Implemented computer vision pipelines using TensorFlow, PyTorch, and OpenCV with deep learning and transfer learning for document verification and identity authentication, processing datasets through data augmentation while integrating CI/CD pipelines using Jenkins and GitHub Actions
Deployed NLP solutions using Hugging Face Transformers, BERT, and spaCy with Amazon SageMaker for customer service automation and chatbots, enabling cross-functional collaboration across analysts through distributed training and neural network optimization
Optimized neural network training using Python parallel processing on Amazon EC2 GPU instances for big data analytics, achieving cost reduction through spot instance management and infrastructure automation using Terraform and CloudFormation
Enhanced machine learning workflows using Apache Spark and PySpark for feature engineering and large-scale model training, handling distributed computing across time series data and structured datasets with Apache Airflow orchestration for financial forecasting
Designed recommendation systems using collaborative filtering and deep learning embeddings for personalized Healthcare products, achieving engagement improvement
Implemented automated model monitoring using MLflow, Amazon CloudWatch, and Datadog for drift detection across production models, ensuring regulatory compliance including SOX and GDPR through statistical testing using SPSS, SAS, and Stata for performance validation
Built containerized microservices architecture using Docker and Kubernetes for scalable model deployment, implementing auto-scaling and load balancing for high-throughput inference services with REST APIs and GraphQL endpoints
Created data pipelines using Apache Airflow for ETL processes from multiple source systems including PostgreSQL, MongoDB, and Oracle, orchestrating feature engineering workflows and automated data quality validation
Developed time series forecasting models using Prophet, ARIMA, and LSTM networks for market prediction and risk assessment, integrating statistical analysis with ensemble methods for financial risk management applications
Established model governance framework using Git version control and automated testing with Pytest, implementing bias detection and explainable AI practices for ethical AI compliance and regulatory audit requirements
Optimized database performance using PostgreSQL, MongoDB, Oracle, and Teradata for storing model artifacts and metadata, implementing indexing strategies and query optimization with SQL for faster data retrieval and integration with Salesforce and SAP systems
Integrated third-party APIs and REST services for real-time data ingestion using FastAPI, Django, and Spring frameworks, building robust error handling and retry mechanisms with SOAP, SOA, and Message Queues for mission-critical Healthcare systems with cybersecurity protocols and ServiceNow integration
Client: BNY, Pittsburgh, Pennsylvania Aug 2024 – Dec 2024
Generative AI Engineer
Responsibilities:
Developed an enterprise banking predictive analytics platform using machine learning, artificial intelligence, and statistical modeling to analyze credit risk, loan performance, and customer financial behavior across large-scale banking datasets, implementing Python-based survival analysis and deep learning for loan default prediction and credit portfolio optimization with improved accuracy using TensorFlow and scikit-learn; additionally integrated Generative AI and Large Language Models (LLMs) to automate financial report generation, credit risk explanations, and customer insight summarization using RAG-based architectures and transformer models.

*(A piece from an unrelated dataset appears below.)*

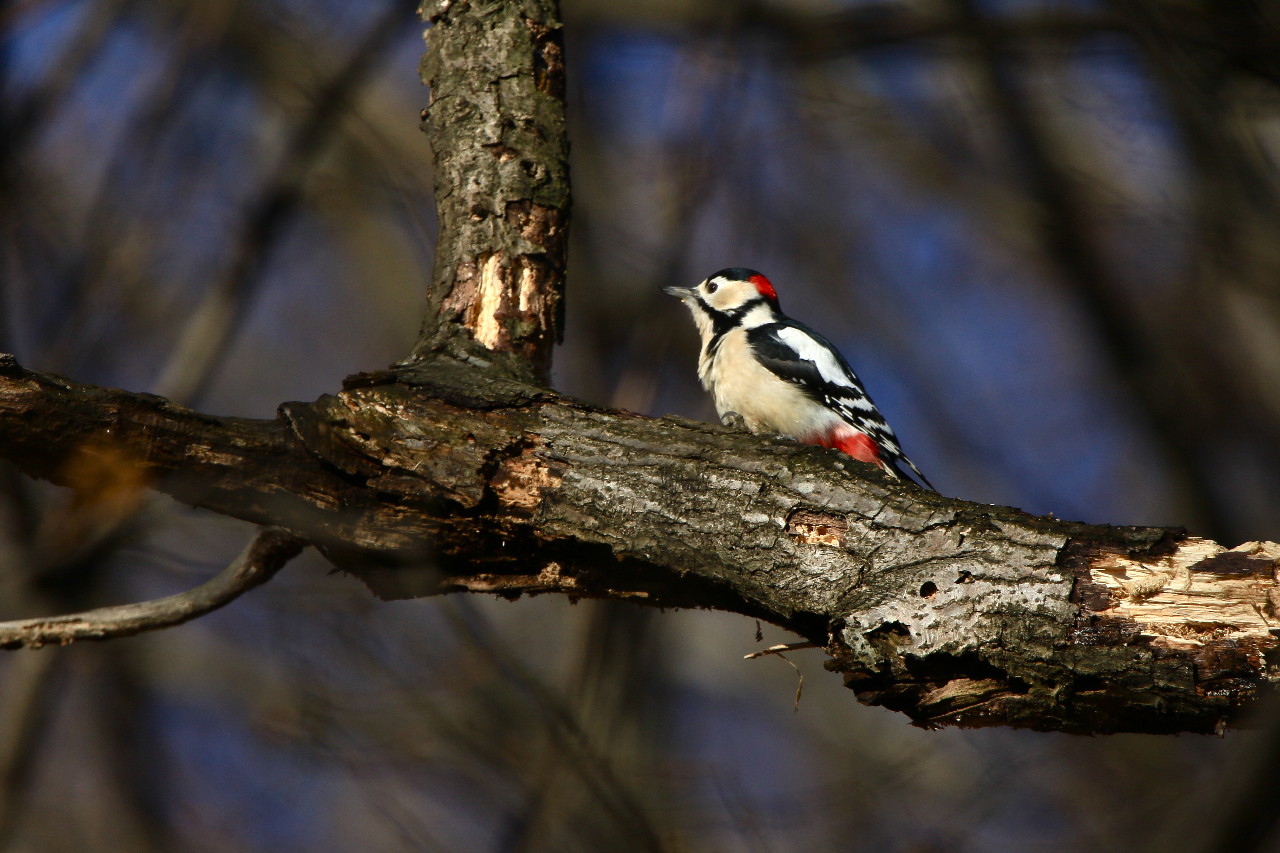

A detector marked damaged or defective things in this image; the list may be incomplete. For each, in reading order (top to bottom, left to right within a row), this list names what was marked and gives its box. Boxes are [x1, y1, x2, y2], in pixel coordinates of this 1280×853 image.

splintered wood [1085, 535, 1280, 640]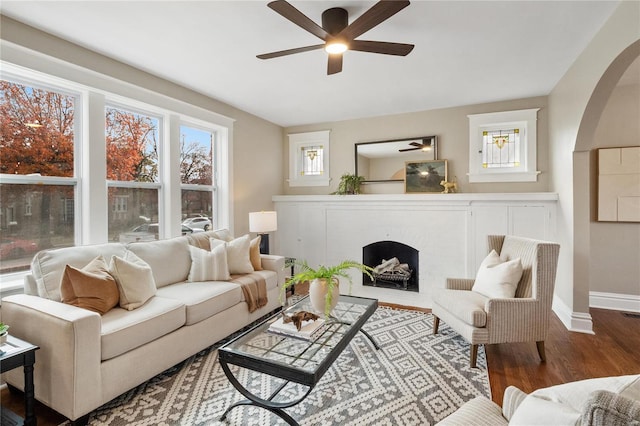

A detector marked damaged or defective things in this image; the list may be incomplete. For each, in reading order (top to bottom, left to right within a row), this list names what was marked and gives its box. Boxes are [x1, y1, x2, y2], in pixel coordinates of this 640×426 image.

Built Generative AI–powered financial document intelligence system for banking operations using computer vision, convolutional neural networks, and transfer learning with TensorFlow and PyTorch on check images, financial statements, and document datasets, integrating Large Language Models (LLMs), transformer architectures, and Retrieval-Augmented Generation (RAG) to automate document understanding, contextual summarization, and intelligent data extraction while ensuring regulatory compliance, data governance, encryption, and authentication protocols.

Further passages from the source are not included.